10 Responses to Recipe Shed: Blackened Crispy Pork Belly with Mash and Buttered Cabbage

  1. This is so cruel. I am stuck in London City airport with an outrageously priced tub of fruit and I want that now!

  2. We got as far as Hugh F-W’s recipe for slow-roast pork in his imaginatively titled book “MEAT”. I’ve never needed another. The smell of it cooking gives you a huge appetite, timing’s never a problem and we always cook a massive slab of pork so there’s always enough for sarnies later. But yours sounds good as well!

  3. that looks soooo good! Won’t be cooking it myself because it doesn’t quite fit in with the Slimming World plan I’m doing it, but will forward onto my Dad. He will adore it!

  4. Think I might do this tomorrow actually. Will report back to you. Two things though – 1. eating it in front of the telly??? Tut tut. And 2. Your mash looks like it needs a bit more milk and butter…Just saying!

  5. Did it. Awesome. Went down a storm. Muchas gracias.

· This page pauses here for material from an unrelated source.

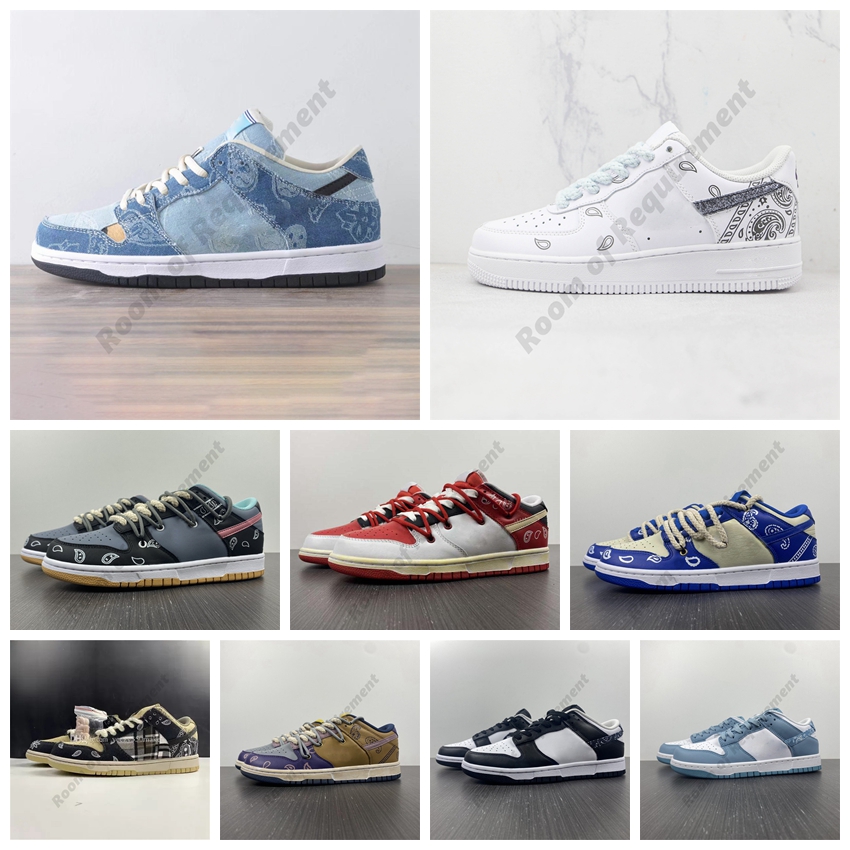 

2022 low Paisley Basketball Shoes Chicago white black Plum DH red green Skateboard Shoe Men Fashion Comfortable Outdoor Man Womans Trainer Sneakers 36-45, Shoe box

  6. That looks crackin! I have just eaten a bag of quavers.
    Your blog is great, just discovered it today x

  7. Pingback: Thrice Cooked Pork | The Kitchen Mechanic

  8. Doing this for the third time today – think you should have sold me shares in it…

  9. Dobby

    At last! I managed to try this. Had the pork belly in the freezer waiting a while. Had to use my oven, I havent got a slow cooker.. yet. Cooked the 500g-ish belly in a pan with lid for 6-ish hrs on 120C Fan. Absolutely yummy! Will be doing this one again! More chilli next time for me… Pity the wife’s a Veggie, she’s missing a treat :)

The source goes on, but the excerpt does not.